During what proved to be a difficult quarter for the specialty retail environment, Ascena Retail Group (NASDAQ:ASNA) reported a 1 percent drop in sales from last year to $1.2 billion, with comparable store sales down 4 percent. However, the biggest winner of the quarter was e-commerce, up 13 percent. E-commerce now accounts for 10 percent of the company's overall sales.
David Jaffe, president and CEO at Ascena, explained in a quarterly conference call with analysts that tough trends in the tween market affected sales at the Justice brand, down 10 percent. Justice, like traditional teen apparel brands such as Abercrombie & Fitch, has been struggling to gain a piece of the market share as fast-fashion retailers such as Forever 21, Zara and H&M gain a larger portion.

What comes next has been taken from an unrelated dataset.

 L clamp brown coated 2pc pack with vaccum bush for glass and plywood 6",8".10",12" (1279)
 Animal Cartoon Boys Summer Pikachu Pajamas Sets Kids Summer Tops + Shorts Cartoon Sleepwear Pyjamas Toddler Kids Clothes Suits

Negative comp totals also plagued women's wear brand Lane Bryant, down 2 percent, which were caused by poor inventory execution. Ascena acquired Lane Bryant in 2012 and launched the brand's Isabel Toledo T-shirt line last year in an attempt to woo younger consumers.
And while comps were flat at Dressbarn, Maurices' comps were up 1 percent, and Catherines comps were up 6 percent.

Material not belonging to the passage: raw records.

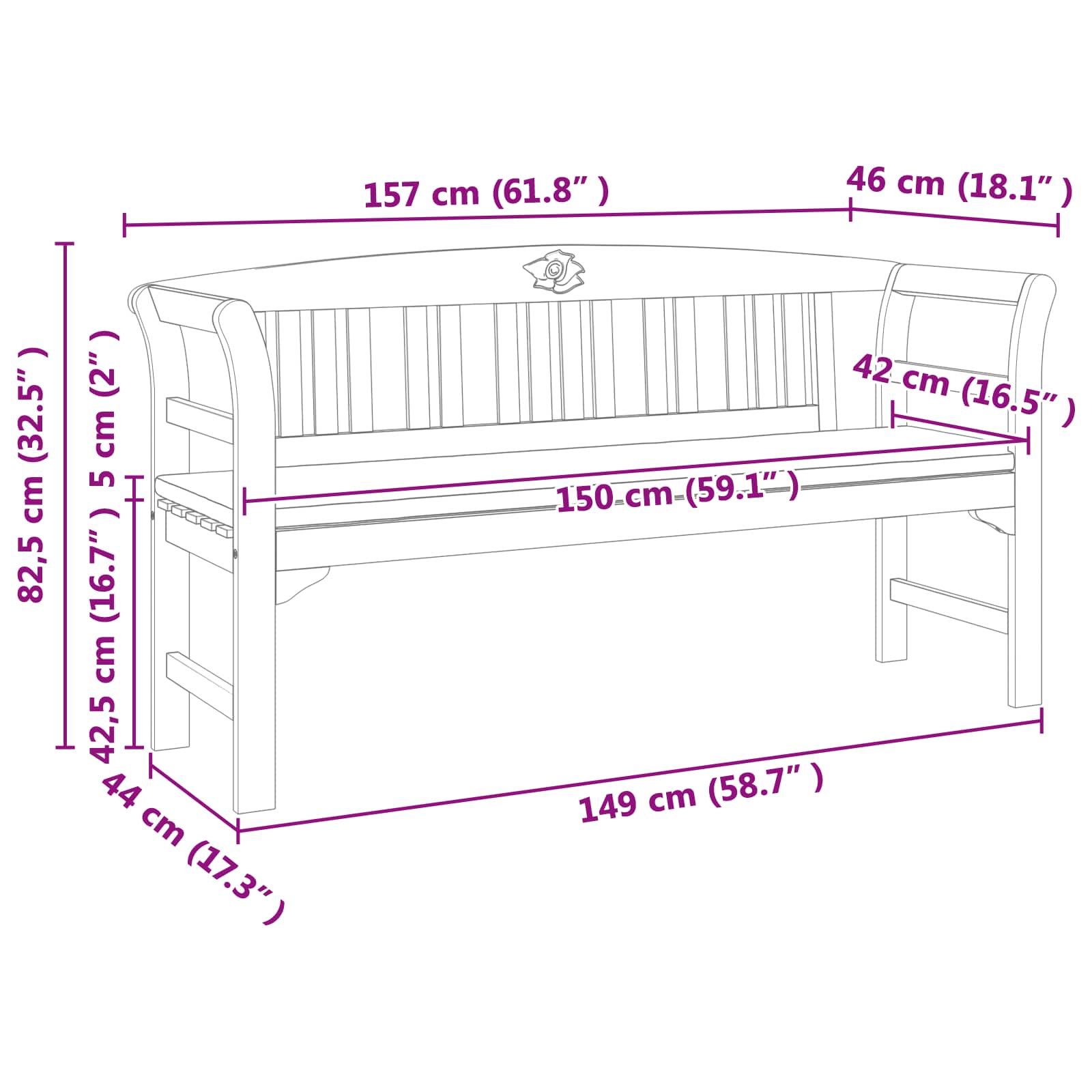 Klupa s ružama Prirodna 157 x 46 x 82,5 cm Čvrsto drvo akacije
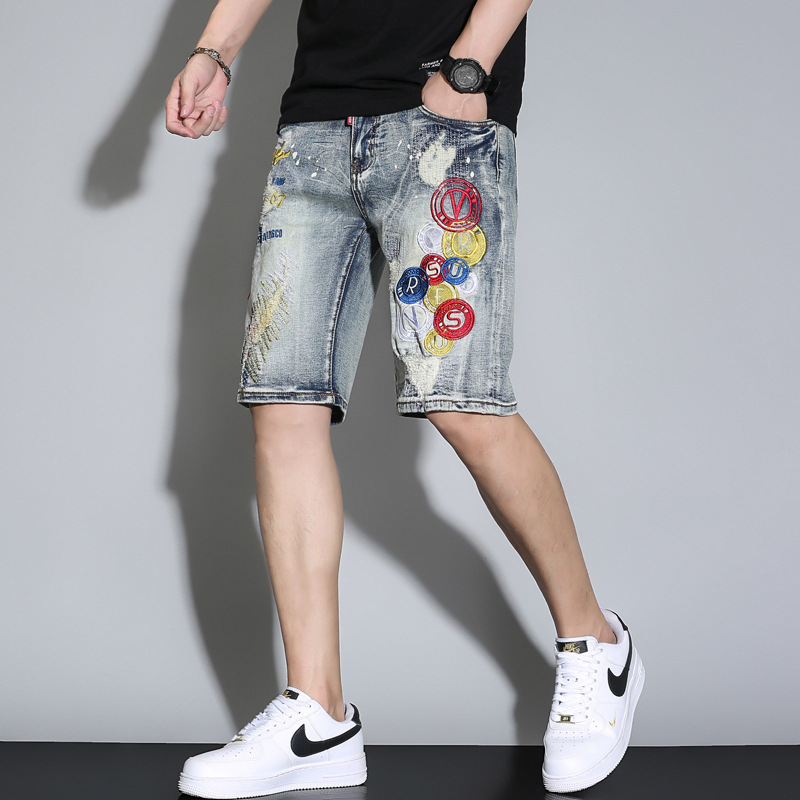 European station embroidery Denim shorts men's fashion brand patch graffiti stretch loose straight personality beggar five-point pants
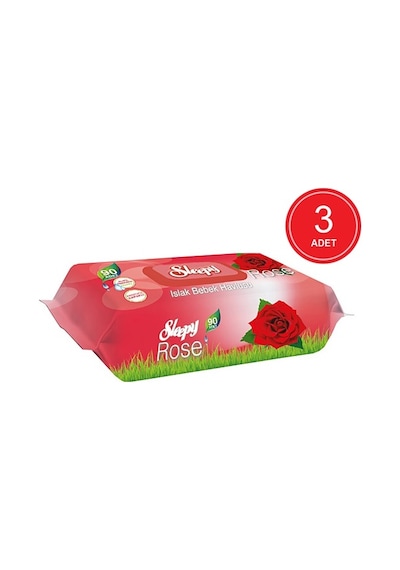 Sleepy Gül Kokulu Islak Bebek Havlusu 3 X 90'Lı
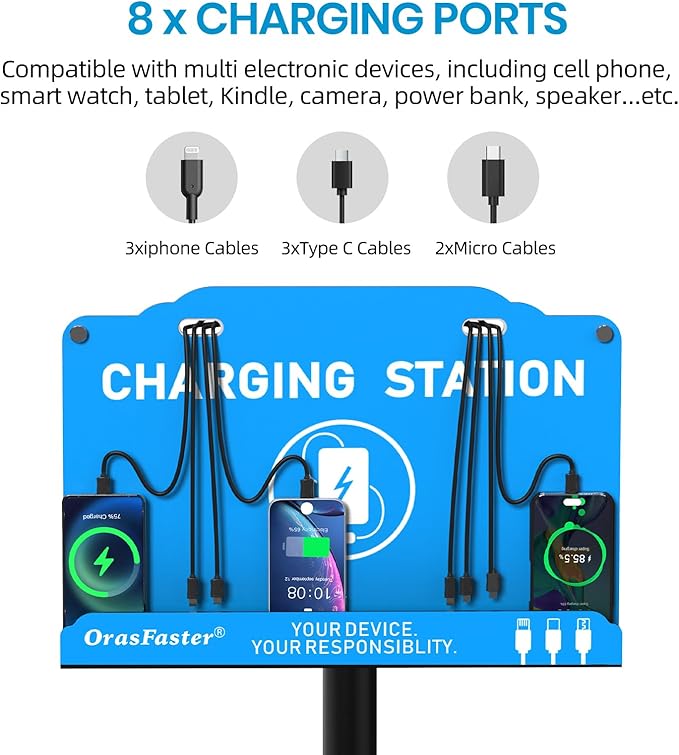 Floor Standing Cell Phone Charging Station Multi-Device Station with 8 Charger Ports Compatible with Smartphones Tablets Application for Schools, Office, Shopping Malls
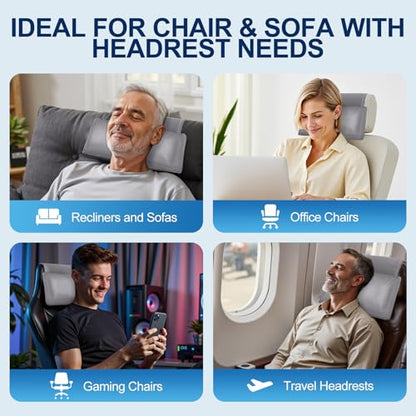 Recliner Pillow, Adjustable Neck & Head Support Pillow - color: Light Gray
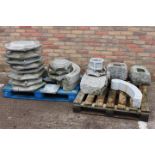 Two pallets of granite fountain parts.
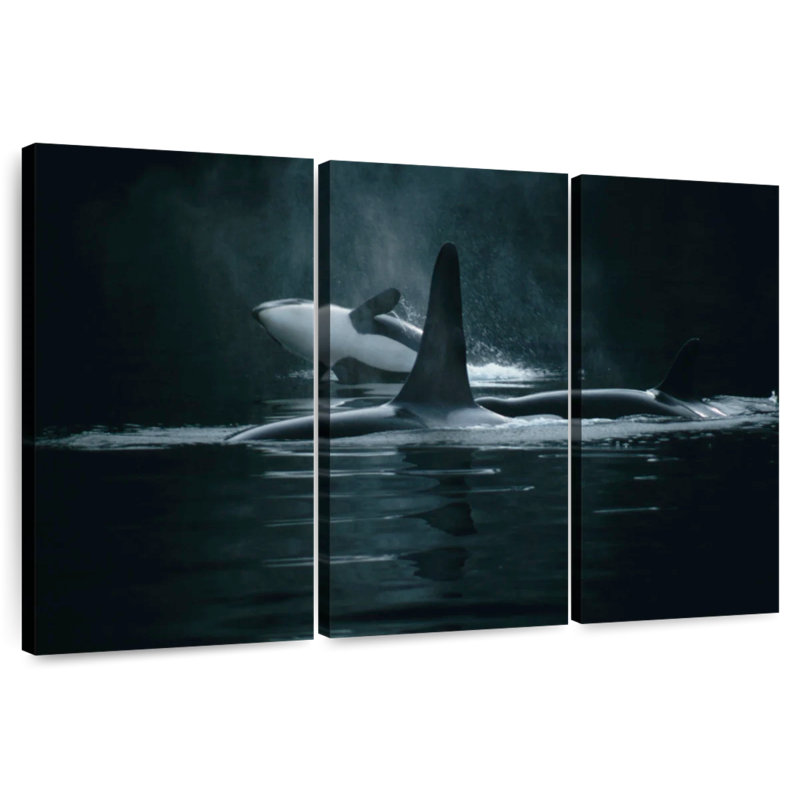 Brampt Swimming Orca Whales, 36" H x 57" W
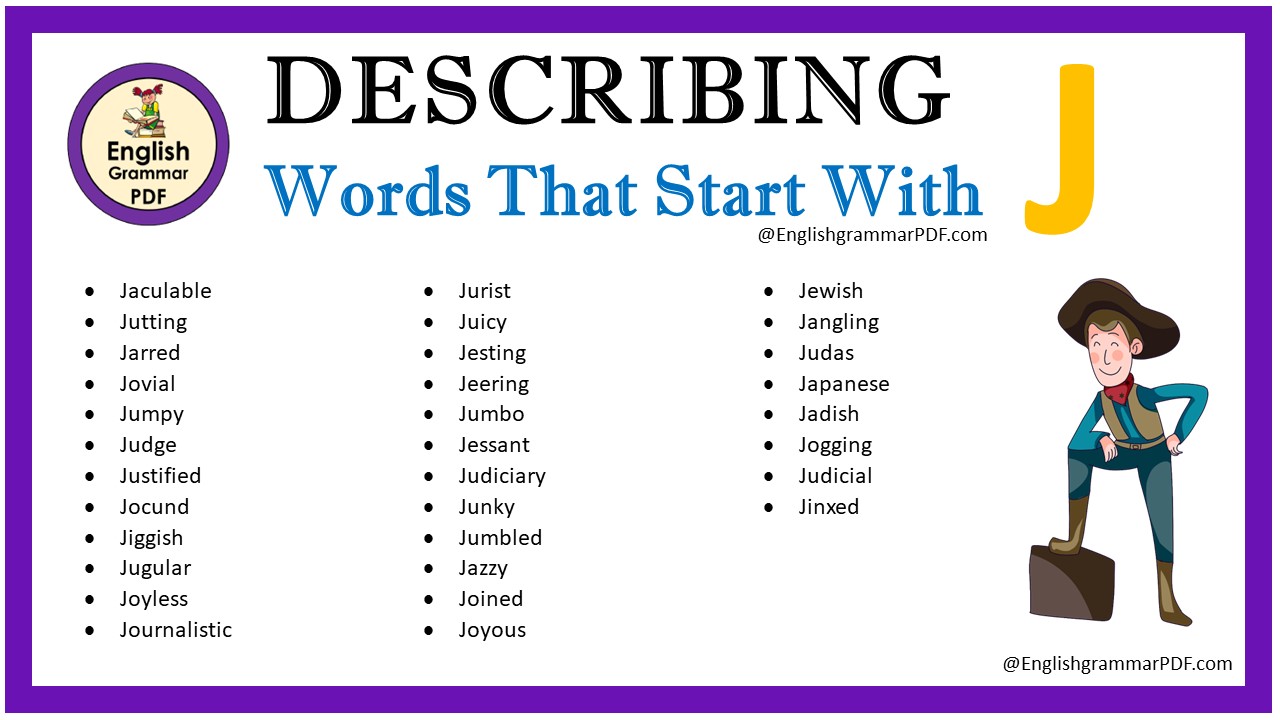 What Are Words That Start With J To Describe Someone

Jaffe also spoke of the company's aggressive, multi-year investment in its omnichannel platform's buildout as it endeavors to create "a much more compelling and seamless consumer experience across channels."

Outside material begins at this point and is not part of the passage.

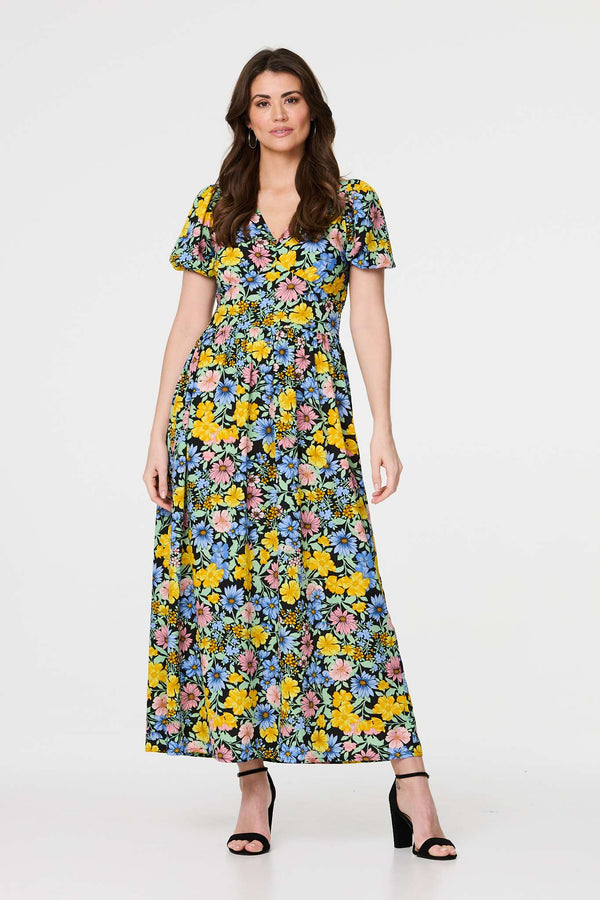 Yellow | Floral Puff Sleeve Cut Out Maxi Dress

"Despite mixed results across our portfolio and continuing soft traffic patterns, fourth quarter EPS was in line with our expectations," Jaffe said. "We have yet to see sustained evidence of market improvement, and as a result, are maintaining a conservative outlook as we enter the fall season. We continue to focus on controlling what we can control—refining our merchandising execution, maintaining focus on inventory levels and expense management, developing an integrated e-commerce platform for our customers, and driving efficiency improvements through our strategic investments."